Shares of EA sank 18 percent in after-hours trading following the news.

Game franchises like "Battlefield" and "FIFA" are among EA's most iconic, but the rapid rise of online, often free-to-play games with engaging formats are challenging the dominance of EA, Activision Blizzard and Take-Two Interactive Software Inc.

"The video game industry continues to grow through a year of intense competition and transformational change," Chief Executive Andrew Wilson said in a statement.

"Q3 was a difficult quarter for Electronic Arts and we did not perform to our expectations," he added, referring to EA's results for the final three months of 2018.

"Battlefield V" had poor sales in the quarter, EA executives said.

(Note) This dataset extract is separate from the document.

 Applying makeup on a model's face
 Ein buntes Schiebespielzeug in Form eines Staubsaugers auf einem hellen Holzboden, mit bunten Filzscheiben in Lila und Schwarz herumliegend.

The fifth installment in the franchise was launched in November, a month later than planned, because of delays in development.

"We think (postponing the Battlefield launch) was the right decision, but it put us in the middle of a very discounted holiday season," EA Chief Financial Officer Blake Jorgensen said in an interview. "We probably sold about a million units less than we thought we would."

Data from research firm NPD showed that "Battlefield V" lagged Activision's "Call of Duty: Black Ops 4" and Take-Two's "Red Dead Redemption 2" in dollar sales during December.

Launching "Battlefield V" in just a single-player mode rather than offering a battle royale version also likely hurt sales, Jorgensen said.

The battle royale format in multi-player gaming, which allows dozens of players to battle each other to the death until the last survivor, became wildly popular in 2018 thanks to "PUBG" and Epic Games' "Fortnite," two games which are also credited with introducing newer audiences to gaming.

EA, meanwhile, announced its first free-to-play battle royale game, called Apex Legends, only on Monday.

For the third quarter that ended Dec. 31, EA reported adjusted revenue of $1.61 billion, well below Wall Street analysts' average estimate of $1.75 billion, according to IBES data from Refinitiv.

The Redwood City, California-based company cut its adjusted revenue projections for the year ending March to about $4.75 billion from $5.20 billion.

Jorgensen said sales from EA's mobile games also underwhelmed, with newly launched "Command and Conquer" performing below expectations.